US Coast Guard Rescues 2 Survivors After Plane Crashes Off Alaska

Lorenz Duchamps
By Lorenz Duchamps
July 7, 2022USshare
US Coast Guard Rescues 2 Survivors After Plane Crashes Off Alaska
U.S. Coast Guard crew members in a MH 65 Dolphin helicopter participate in a training exercise on June 9, 2022. (Joe Raedle/Getty Images)

The U.S. Coast Guard rescued two people in Alaska after their plane crashed this week off Montague Island, the maritime search and rescue agency announced.

Watchstanders of the USCG Sector Anchorage received a report on July 5 at about 4:15 p.m. from a friend of the pilot that a P-18 Super Cub aircraft with two people aboard crashed just above the high tide line near Montague Island in the Gulf of Alaska.

The USCG deployed an MH-65 Dolphin helicopter crew from the Kodiak air station in Alaska and arrived at the scene just after 6:45 p.m., officials said.

Upon arrival, first responders found the two survivors and transported them to Cordova for treatment. The duo is reportedly in stable condition and no major injuries were announced.

“The quick response by the aircrew in Cordova helped these two get the help they needed,” Katie Brown, the command duty officer of the Anchorage station, said in a statement.

“It’s incredible these two people made it out okay, and the fact that they had communication equipment readily available really aided in our response time,” she added.

The USCG said the two survivors communicated with the satellite communication device InReach, a two-way satellite communicator that works where cell phones don’t by using the Iridium satellite network.

The cause of the crash is under investigation.

NTD Photo
The P-18 Super Cub aircraft that crashed on the shore of Alaska’s Montague Island on July 5, 2022. (Courtesy of U.S. Coast Guard)

Meanwhile, the USCG announced this week that four people were medically evacuated, or rescued, during two separate incidents in Alaska last week, officials said in a statement.

Watchstanders at a command center in Juneau received a request for assistance on July 2 from Pacific Producer, a 167-foot fishing vessel.

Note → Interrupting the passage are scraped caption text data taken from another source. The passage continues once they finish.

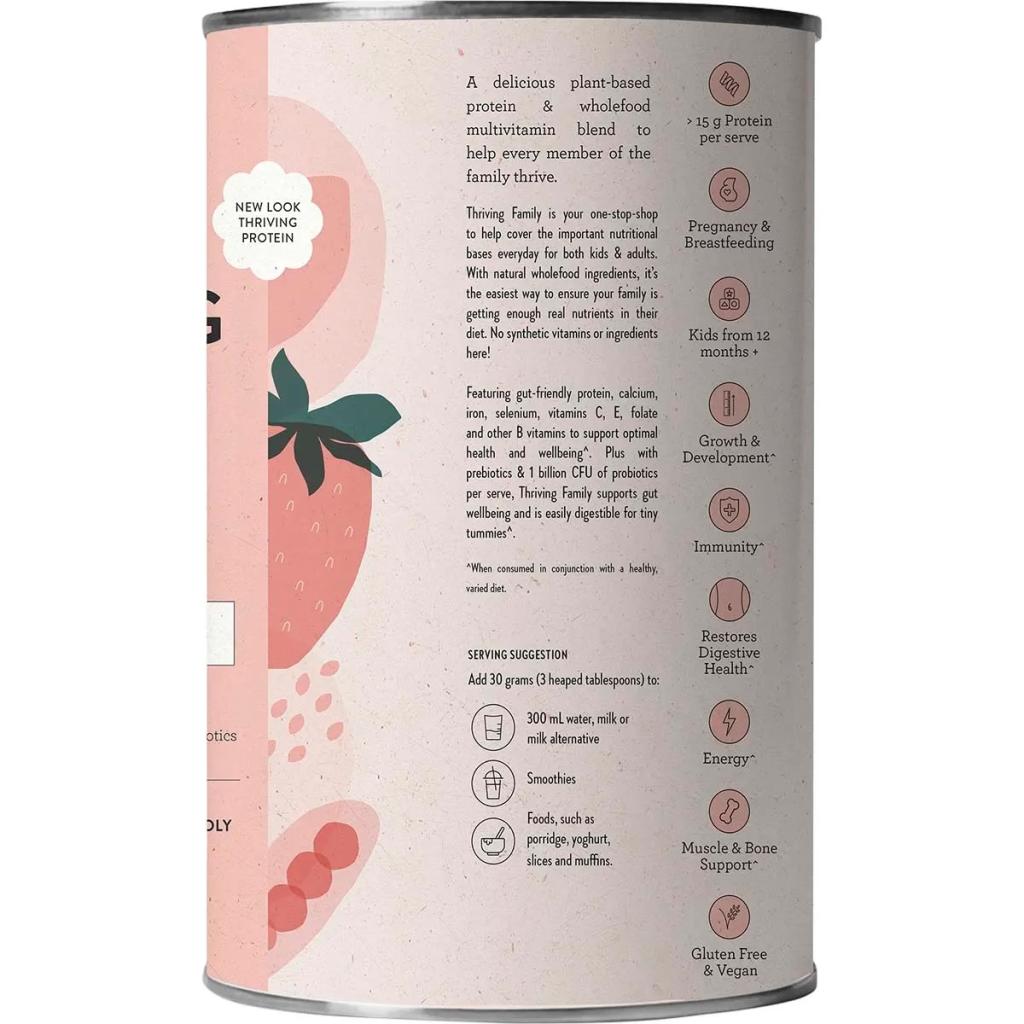 Nutra Organics - Thriving Protein Strawberries & Cream 450g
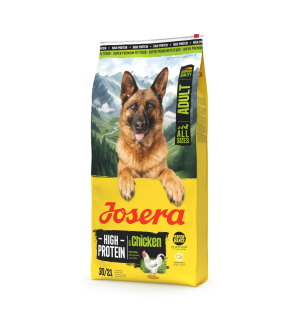 Сухой корм Josera High Protein Chicken (Adult/Sport Medium/Maxi 30/21) для взрослых спортивных, племенных и рабочих собак (12.5 кг)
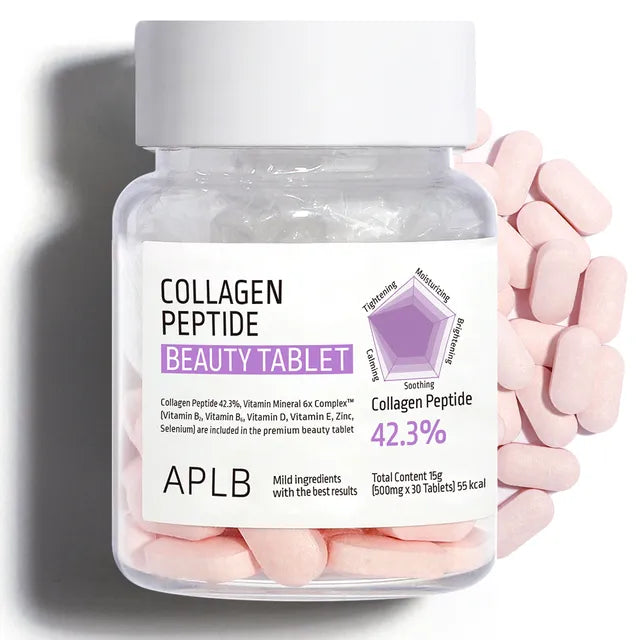APLB (Official) Collagen Peptide Beauty Tablet 500MG (30 Tablets)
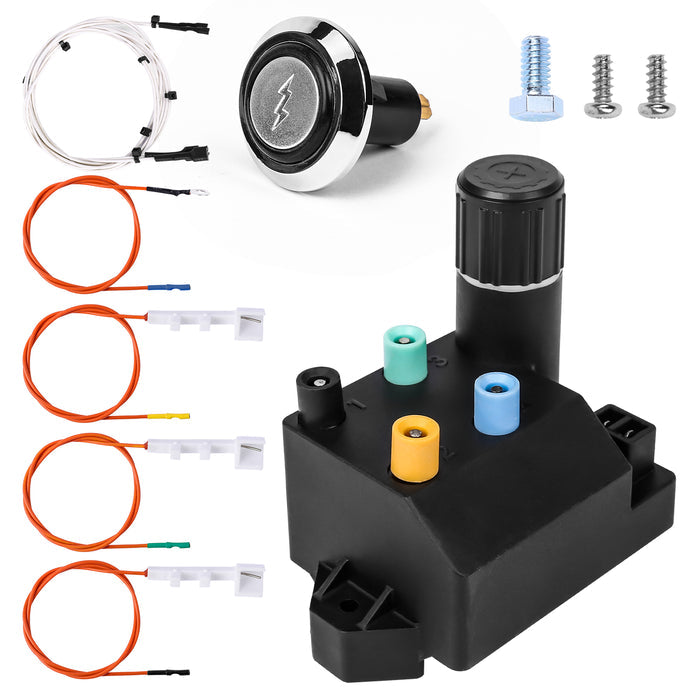 Igniter Kit 66504 for Weber Genesis II LX E/S 340 3 Burner Gas BBQ Grills, Grill Replacement Parts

The ship’s crew stated that a female crewmember reportedly experienced sepsis-like symptoms.

In a second incident, which happened on July 4, watchstanders received a report from a commercial fishing vessel that was taking on water in the vicinity of Lisianski Strait and Porcupine Rock—located about 30 miles south of Glacier Bay National Park.

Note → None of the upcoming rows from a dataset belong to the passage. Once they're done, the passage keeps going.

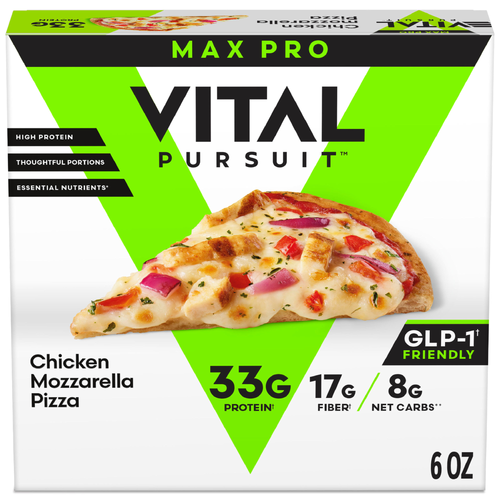 Vital Pursuit Chicken Mozzarella Pizza High Protein Glp-1 Friendly Frozen Meal - 6 Ounce
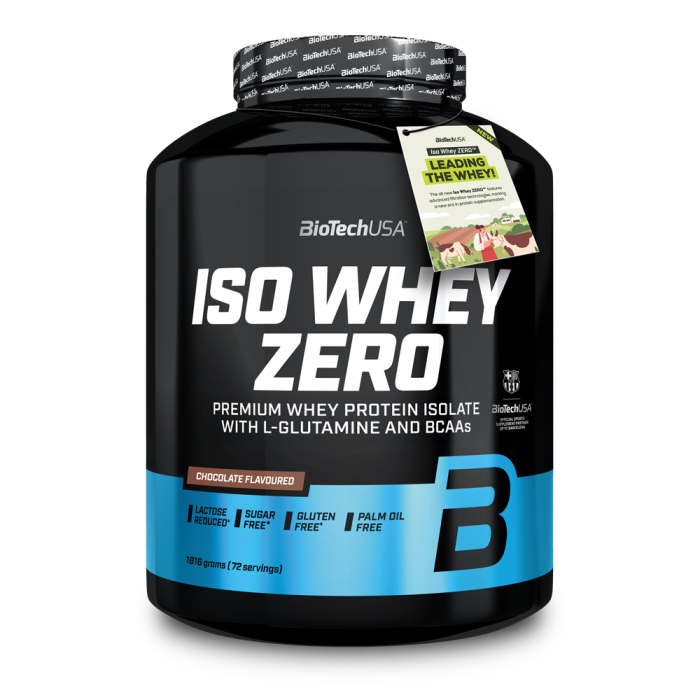 Biotech USA Iso Whey Zero Protein laktose reduziert 1816g Dose
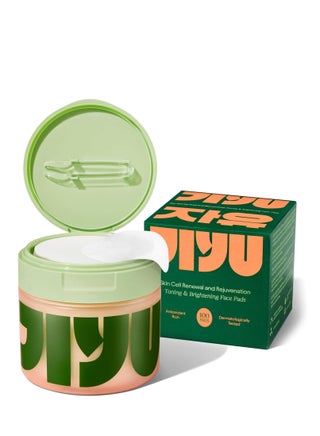 Jiyu Korean Skincare Anti-Aging, Dark Spot & Wrinkle Minimizing Toner Pads - Hydrating with Snail Mucin, Centella Asiatica, Niacinamide, Peptides - for Acne Marks & Hyperpigmentation - 100 Count - pzsku/Z0B741158A45DFBC780E1Z/45/1744183451/e36ddb96-3518-4e46-9394-e850b3a8de11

The Urgent Marine Information Broadcast (UMIB) issued a distress signal that led to the deployment of an MH-60 Jayhawk helicopter to assist the fishermen.

Two good Samaritan vessels—Cirus and Lucky Strike—also helped the UMIB’s call. The USCG and good Samaritan’s jointly rescued all three passengers, who were then transferred to Sitka for medical care.

The fishing vessel—Miss Amy—was unable to keep up with the water flow rate and sank in approximately 150 feet of water 5 miles offshore.

“We’re especially grateful to good Samaritan vessels Cirus and Lucky Strike, which responded to our broadcast for help and rescued the survivors who went into the water after their vessel sank,” said Petty Officer, a 2nd class watchstander at the Juneau command center. “Their quick response saved three lives.”